You cannot move to another product with NRAM as they don't have any. They will allow you to leave them penalty-free but they won't allow you to move from a fix to their standard rate without penalty, if at all.We would ideally like to have a repayment mortgage but had to have the interest only one to get on the housing market hence why we are stuck with it. We are currently paying around 6% I think so if the current rate is lower it could work in our favour.The other thing is it worth having our house valued privately
When you know the de-linked loan cost, you can establish with a remortgage application to a lender offering a fee-free deal if the property is worth enough to allow you to proceed. Don't forget to put down the de-linked NRAM loan as an outgoing.
Here's an example.
Current situation;-
NRAM mortgage - £99,000 secured
NRAM addition - £21,000 unsecured.
Current monthly payment is £120k @ 6% interest only = £600. On repayment over 20 years, this would cost £860 and over 20 years on 4.79% SVR it would be £778.
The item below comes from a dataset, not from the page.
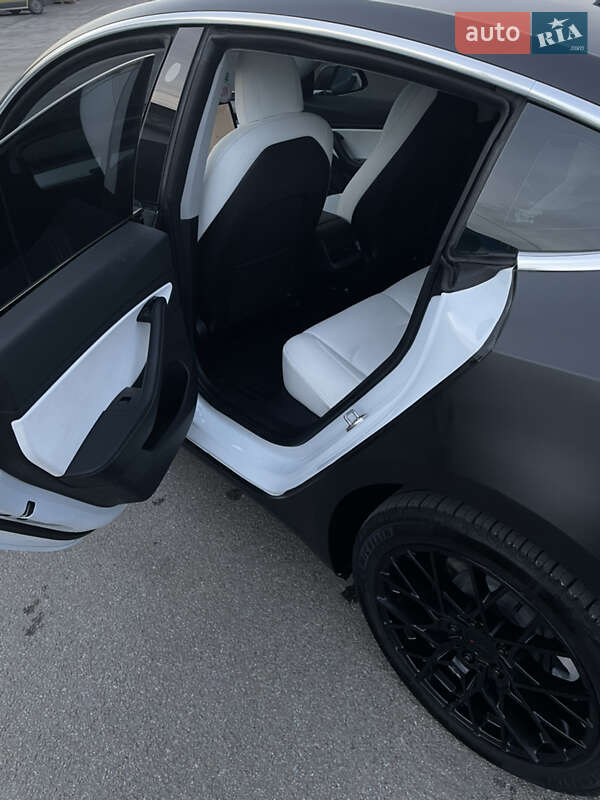 Седан Tesla Model 3 2020 в Львове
Example property value £110,000.
De-link unsecured loan - £21k on capital & interest 20 years @ 10% = £202.65.
Remortgage £99k on £110k value (90%) over 20 years capital & interest = £591.61 per month based on rate of 3.84% with HSBC. This gives a total monthly payment of £794.26.
It appears you'd be better off (by around £16 per month) seeing out the fix and allowing the mortgage to fall onto SVR, then convert to repayment, if you need this discipline forced on you.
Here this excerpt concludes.